En Méditerranée convergent les préoccupations de nombreuses nations à la culture et aux ambitions bien différentes. Sur le plan géographique d’abord, elle représente le flanc sud de l’Union Européenne et de l’OTAN, relie l’Europe occidentale au pétrole du Moyen Orient et permet un accès rapide à l’océan indien via le canal de Suez que traversent chaque année 18 000 navires. D’une superficie de 2,5 millions de km², elle concentre 25% du commerce mondial. 65% des flux énergétiques à destination de l’Europe transitent par ses eaux, faisant de cet espace maritime un lieu hautement stratégique. Les ressources en gaz (et en pétrole dans une moindre mesure) de sa partie orientale, intéressent de plus en plus les Européens désireux de diversifier et sécuriser leurs approvisionnements, mais peuvent, de facto, créer des rapports de force. Ces gisements sont déjà la cause de vives tensions entre la Grèce et la Turquie.

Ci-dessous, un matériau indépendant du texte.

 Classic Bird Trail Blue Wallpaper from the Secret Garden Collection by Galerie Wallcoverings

Outre les flux d’informations et les ressources énergétiques, la question migratoire constitue un réel enjeu de sécurité maritime. Les déséquilibres démographiques et de développement, l’instabilité, les défaillances étatiques sont autant de facteurs favorisant les déplacements de populations. D’après les chiffres communiqués par l’agence européenne Frontex, en 2021, plus de 200 000 personnes ont rejoint l’Europe via la Méditerranée, occasionnant la mort de 3231 d’entre elles, selon l’agence des nations unies pour les réfugiés. « C’est en cela que la lutte contre ce qui doit être qualifié de traite des êtres humains en mer est devenue une priorité de sécurité maritime en Méditerranée » affirme la Fondation méditerranéenne d’études stratégiques (FMES). Certains pays instrumentalisent ces déplacements de populations pour en faire un véritable moyen de pression. Le président turc Erdogan utilise ainsi les réfugiés présents en Libye et dans son propre pays pour renforcer son pouvoir de négociation avec l’Europe. Autre exemple, en mai 2021, le Maroc a permis, en représailles de l’accueil par l’Espagne d’un chef de la résistance, le passage de la frontière de 6000 migrants vers l’enclave de Ceuta.

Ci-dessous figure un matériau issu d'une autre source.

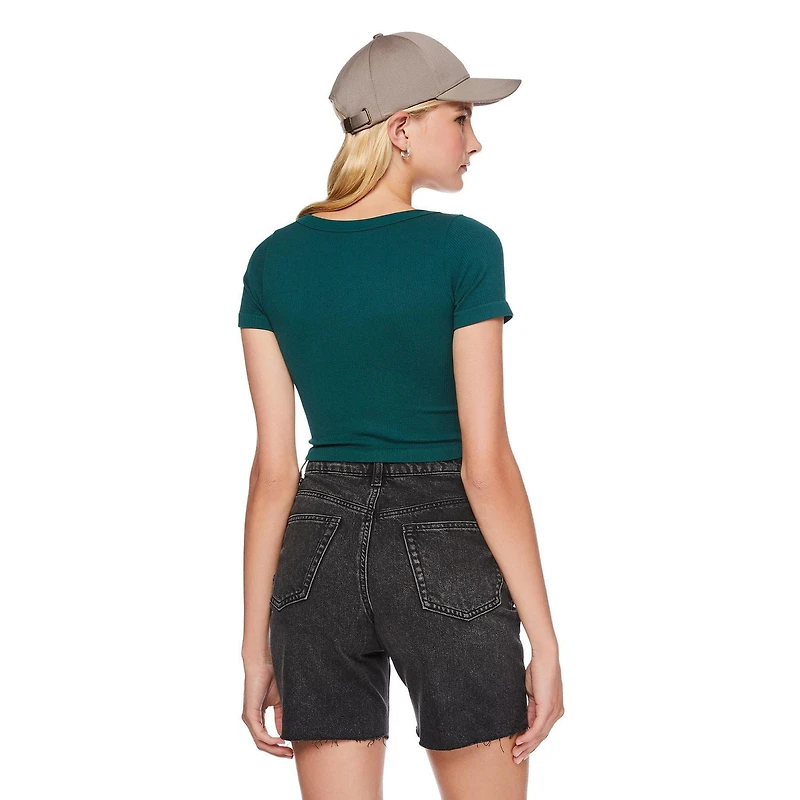 No Boundaries Women's Seamless Short Sleeve Tee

Les problématiques maritimes touchent à des domaines où l’interdépendance entre pays riverains est forte. Là où ces questions devraient conduire à une approche coordonnée, les évènements récents montrent que ce n’est pas ce vers quoi nous nous dirigeons. Lors d’une audition à l’assemblée nationale en 2021, l’amiral Pierre Vandier faisait état d’une nécessaire remilitarisation de la mer, « parce qu’elle est un démultiplicateur de puissance et de souveraineté » et qu’elle est « le lieu idéal pour défier les règles sans grande difficulté. C’est un espace commun où les limites restent floues – quand elles existent – et qui peut donc être rapidement régi par la loi du plus fort ». Résumant ainsi la situation : « les herbivores ne parviendront pas à persuader les carnivores de se limer les dents ».

Un foyer de tension

Il y a quelques années encore, des groupes aéronavals venant d’outre-atlantique étaient présents en permanence dans ce qui était autrefois un « lac américain », ceux-ci ne sont plus que de passage vers le canal de Suez. La VIe flotte, dédiée à la Méditerranée, a fortement réduit ses effectifs et aligne seulement un bâtiment de commandement, quatre destroyers, trois navires de transport rapide et des avions de surveillance maritime basés à Sigonella, en Italie. Les États-Unis préfèrent diriger leurs forces sur une zone s’étendant de la mer de chine au nord de l’océan indien. Au salon annuel de l’AUSA (Association of the United States Army) qui avait lieu du 10 au 12 octobre dernier à Washington DC, le Général Charles Flynn en charge du Pacifique déclarait ainsi : « Nous n’avons pas l’OTAN là-bas, cela signifie que le défi est beaucoup, beaucoup plus difficile pour nous ». Focalisés sur leur rivalité avec la Chine, les États-Unis se sont peu à peu désintéressés de la Méditerranée pour se concentrer sur la zone Indopacifique plus importante à leurs yeux. Du côté de la Chine, Pékin reste, pour le moment, concentrée sur l’aspect commercial de la Méditerranée. Elle lui assure un accès au marché européen tandis que la majorité de son attention se porte sur son expansion en mer de Chine. Malgré ce désintérêt des deux super puissances, la Méditerranée reste une « position idéale pour contrôler la principale zone de friction entre les blocs eurasiatique, moyen-oriental et africain » assure le spécialiste Jean-Michel Martinet, chercheur associé à la Fondation méditerranéenne d’études stratégiques (FMES). C’est pourquoi l’espace laissé vaquant par les États-Unis et la Chine, attire plusieurs autres pays en quête d’un meilleur positionnement stratégique.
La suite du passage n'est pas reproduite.